▶ _What the exercise asks_: In which lines of the data does the string "Index" appear? Copy every one.

▶ _Supplied data_:
◆ ◆ ◆

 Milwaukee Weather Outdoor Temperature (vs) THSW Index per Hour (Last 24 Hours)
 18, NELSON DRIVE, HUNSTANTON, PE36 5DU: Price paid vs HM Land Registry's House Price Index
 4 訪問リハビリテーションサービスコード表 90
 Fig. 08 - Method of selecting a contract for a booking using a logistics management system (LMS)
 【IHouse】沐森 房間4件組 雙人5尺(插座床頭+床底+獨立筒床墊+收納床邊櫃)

◆ ◆ ◆

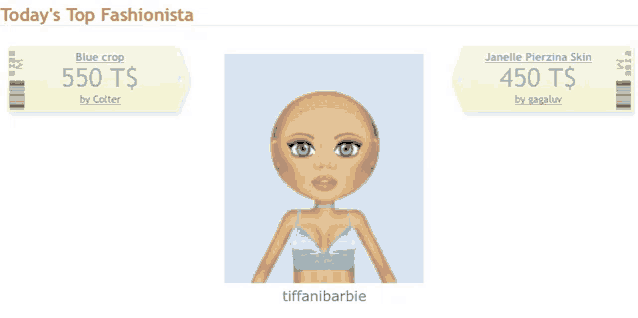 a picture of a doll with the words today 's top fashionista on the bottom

◆ ◆ ◆

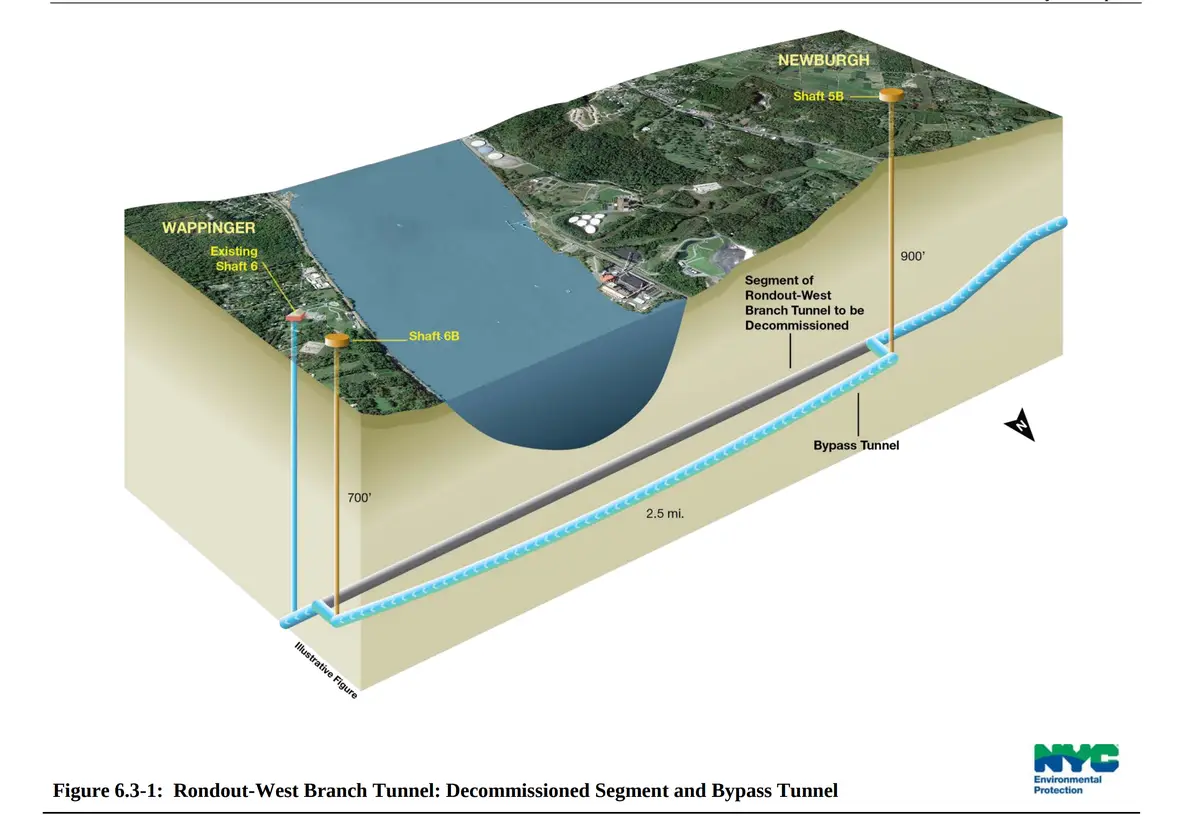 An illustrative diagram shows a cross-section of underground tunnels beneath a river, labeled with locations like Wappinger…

◆ ◆ ◆

▶ _Exercise solution_:
 Milwaukee Weather Outdoor Temperature (vs) THSW Index per Hour (Last 24 Hours)
 18, NELSON DRIVE, HUNSTANTON, PE36 5DU: Price paid vs HM Land Registry's House Price Index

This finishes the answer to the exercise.